The 2001 Census revealed the gravity of the situation. The dwindling number of girl children on account of increasing incidences of sex selection is a matter of concern in many states. Even after legislations such as the Pre-conception and Pre-Natal Diagnostic Techniques Act of 1994, popularly known as the PCPNDT Act, and many campaigns to promote the value of the girl child, the situation has barely improved.

Programmes and policies clearly state that it is necessary to empower girl children in all aspects of life so that they become equal partners in society. They should be in a position to avail equal freedom and opportunity.

Objective of the National Girl Child Day
National Girl Child day is observed with an aim to ensure that every girl child is respected, valued and treated equally in the society. On this day multi-pronged approach to address and work towards the diminishing child sex ratio in India is taken up by the Women and Child Development Ministry. These initiatives help the country in nurturing the girl child in a way that equal opportunities are given to them similar like the boys.
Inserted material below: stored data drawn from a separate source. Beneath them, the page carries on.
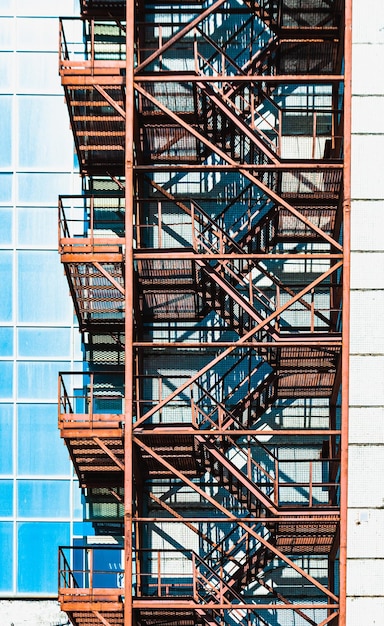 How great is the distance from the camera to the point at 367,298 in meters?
19.9

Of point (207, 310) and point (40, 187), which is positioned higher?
point (40, 187)

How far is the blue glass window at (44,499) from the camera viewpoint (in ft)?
70.0

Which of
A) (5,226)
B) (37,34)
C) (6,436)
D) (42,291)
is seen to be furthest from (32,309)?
(37,34)

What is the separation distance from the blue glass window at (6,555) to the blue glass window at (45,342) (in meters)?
4.37

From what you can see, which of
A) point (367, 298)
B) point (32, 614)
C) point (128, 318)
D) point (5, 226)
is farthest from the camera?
point (5, 226)

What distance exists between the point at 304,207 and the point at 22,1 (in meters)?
9.14

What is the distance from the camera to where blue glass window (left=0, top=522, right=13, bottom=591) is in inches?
842

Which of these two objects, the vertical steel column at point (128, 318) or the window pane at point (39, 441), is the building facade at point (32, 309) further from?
the vertical steel column at point (128, 318)

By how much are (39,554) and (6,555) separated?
0.83 meters

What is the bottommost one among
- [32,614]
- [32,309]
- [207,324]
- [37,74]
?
[32,614]

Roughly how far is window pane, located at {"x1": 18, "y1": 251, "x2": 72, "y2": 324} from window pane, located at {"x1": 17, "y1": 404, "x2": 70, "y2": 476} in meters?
2.28

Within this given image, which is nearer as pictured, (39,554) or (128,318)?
(128,318)

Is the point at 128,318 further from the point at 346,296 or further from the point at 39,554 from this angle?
the point at 39,554

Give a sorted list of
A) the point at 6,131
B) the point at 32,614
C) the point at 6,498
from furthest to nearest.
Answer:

Earlier on 22 January 2014, the India Post launched a special savings scheme for the girl child between 10 and 20 in age of India. The scheme has asked the parents of girls to open a Savings Bank account. It says that the parents can open
• Recurring Deposit (RD)
• Monthly Income Scheme (MIS)
• Fixed Deposits
• And can also buy National Savings Certificate (NSC)
Parents who open an account during the National Girl Child Week (24 to 30 January 2014) will be given special prizes. India Post has mentioned that the parents can deposit minimum 10 rupees for the Recurring Deposit account, for Savings bank accounts 50 rupees can be deposited and for Monthly Income Scheme can be opened from 5000 rupees and it goes up to 6 lakh rupees.  

Incentives to Girls for Secondary Education

To promote enrolment of girl child in the age group of 14-18 at secondary stage, especially those who passed Class VIII and to encourage the secondary education of such girls, the Centrally Sponsored Scheme. National Scheme of Incentives to Girls for Secondary Education was launched in May, 2008.

The Scheme covers
• All SC/ST girls who pass class VIII and
• Girls, who pass class VIII examination from Kastrurba Gandhi Balika Vidyalayas (irrespective of whether they belong to Scheduled Castes or Tribes) and enroll for class IX in State/UT Government, Government-aided or local body schools in the academic year 2008-09 onwards.
• Girls should be below 16 years of age (as on 31 March) on joining class IX.
• Married girls, girls studying in private un-aided schools and enrolled in schools run by Central Government are excluded.

A sum of 3000 Rupees is deposited in the name of eligible girls as fixed deposit. The girls are entitled to withdraw the sum along with interest thereon on reaching 18 years of age and on passing 10th class examination.

International Day of the Girl Child is observed on 11 October and was declared as a day to be observed by United Nations in 2012. UN declared this day to support more opportunities to a girl child worldwide upon their gender like education, legal rights, medical care, nutrition, child marriage and violence.

Comment: In India there are many government schemes to promote girls education but it has failed till date because of the lack of information transmission. These schemes have also failed to reach the target group even in urban areas. In terms in education girls from the economically weaker section of the country hardly has been able to go beyond eighth or tenth class.